Type of hydrogen compressors

There are six different type of hydrogen compressors that are widely used in the hydrogen economy.

1. Reciprocating compressors: In a reciprocating hydrogen compressor, a piston or plunger compresses the hydrogen gas. As the piston or plunger moves back and forth, it increases the pressure of the hydrogen gas by reducing its volume. A reciprocating hydrogen compressor is typically used for low- to medium-pressure applications and are known for their high efficiency and durability.
2. Centrifugal compressors: In a centrifugal hydrogen compressor, a spinning impeller compresses the hydrogen gas. As the impeller spins, it generates a high-velocity flow of hydrogen gas, which is then converted into pressure by a diffuser. Where a small hydrogen compressor is needed, the centrifugal type is preferred. It is typically used when a high pressure hydrogen compressor is required and it is known for high flow rates and compact size.
3. Diaphragm compressors: Diaphragm compressors use a flexible membrane or diaphragm to compress the hydrogen gas. As the diaphragm moves back and forth, it increases the pressure of the hydrogen gas by reducing its volume. Diaphragm compressors are typically used for low-pressure applications and are known for their low noise and vibration levels.
4. Scroll compressors: Scroll compressors use two interleaved scrolls to compress the hydrogen gas. As the scrolls rotate, they trap and compress pockets of the hydrogen gas, increasing its pressure. Scroll compressors are typically used for low- to medium-pressure applications and are known for their high efficiency and compact size.
5. Cryogenic hydrogen compressor: This type of compressor is of special interest for hydrogen mobility solutions, involving liquefaction of hydrogen down to very low temperatures in order to be stored at 350 or 700 bar.
6. Electrochemical hydrogen compressor: These type of compressors are the newest type of compressors in which hydrogen gas compressed using electricity. This kind of compressor uses an electrolysis procedure to separate the hydrogen and oxygen atoms from the water molecules, and then it compresses the hydrogen gas to a high-pressure state for storage or transit. The electrochemical hydrogen compressors are still in their research and development phase but are most suitable to be primarily used in PEM fuel cells.

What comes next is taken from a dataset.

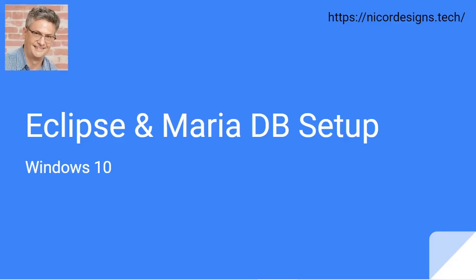In this tutorial we will be setting up a JDBC connection profile to the MariaDB database so that we will be able to access the databases and tables from within Eclipse.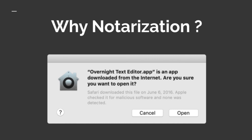We need to always code sign and always notarize our application in order to avoid such warnings from the Mac operating system. This is the most common reason why developers notarize their applications.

Example – reciprocating compressor

Use cases

Hydrogen compressors are one of the key component in the hydrogen industry with several use cases in the hydrogen economy.

• Hydrogen refueling stations: Hydrogen compressors are used in hydrogen refueling stations to compress the hydrogen gas to the required pressure for dispensing to fuel cell vehicles. As a result, this type of installation is often also referred to as a hydrogen compressor station.
• Hydrogen production: Hydrogen compressors may be used in hydrogen production systems, such as electrolysers, to compress the hydrogen gas produced by the electrolysis process to the required pressure for storage or distribution.
• Hydrogen storage: A compressor for hydrogen may be used in hydrogen storage systems to compress the hydrogen gas to the required pressure for storage. This can improve the storage capacity and safety of the system.
• Fuel cell systems: Especially small hydrogen compressors may be used in fuel cell systems to compress the hydrogen gas to the required pressure for the fuel cell stack. This can improve the performance and efficiency of the fuel cell system.
• Industrial applications: Hydrogen compressors may be used in a variety of industrial applications, such as hydrogenation, chemical processing, and petroleum refining, to compress the hydrogen gas to the required pressure for these processes.

The role of hydrogen gas compressor in a refueling station

In a hydrogen refueling system, the role of the hydrogen compressor is to compress the hydrogen gas to the required pressure for dispensing to vehicles. This may involve compressing the hydrogen gas to pressures ranging from 350 to 700 bar, depending on the specific requirements of the refueling system. The compressor for hydrogen in a refueling system may also be responsible for filtering and purifying the hydrogen gas to remove impurities and contaminants that could affect the performance of fuel cell vehicles.

The role of compressor for hydrogen in an electrolyser

Hydrogen compressor is one of the important component in an electrolyser as it is used to compress the hydrogen gas produced by the electrolysis process to the required pressure for storage or distribution. This may involve compressing the hydrogen gas to pressures ranging from 5 to 10 bar, depending on the specific requirements of the electrolyser.

Hydrogen compressors in a hydrogen storage system

A hydrogen compressor may be needed in a hydrogen storage system if the hydrogen gas is to be stored at a pressure that is higher than the ambient pressure. In this case, the compressor is used to compress the hydrogen gas to the required pressure for storage. But in addition to this, there are several other factors that may play a role in using the hydrogen compressors in hydrogen storage systems.

• Increased storage capacity: By compressing the hydrogen gas to a higher pressure, it is possible to store more hydrogen in a given volume. This can be useful in applications where space is limited or where it is desirable to maximize the amount of hydrogen that can be stored.
• Improved safety: Storing hydrogen at a higher pressure can improve the safety of the storage system by reducing the risk of hydrogen leakage or escape.
• Ease of handling: Compressing the hydrogen gas to a higher pressure can make it easier to handle and transport, as it can be stored in smaller, more portable containers.

Performance criteria

There are six key performance parameters of a hydrogen compression systems.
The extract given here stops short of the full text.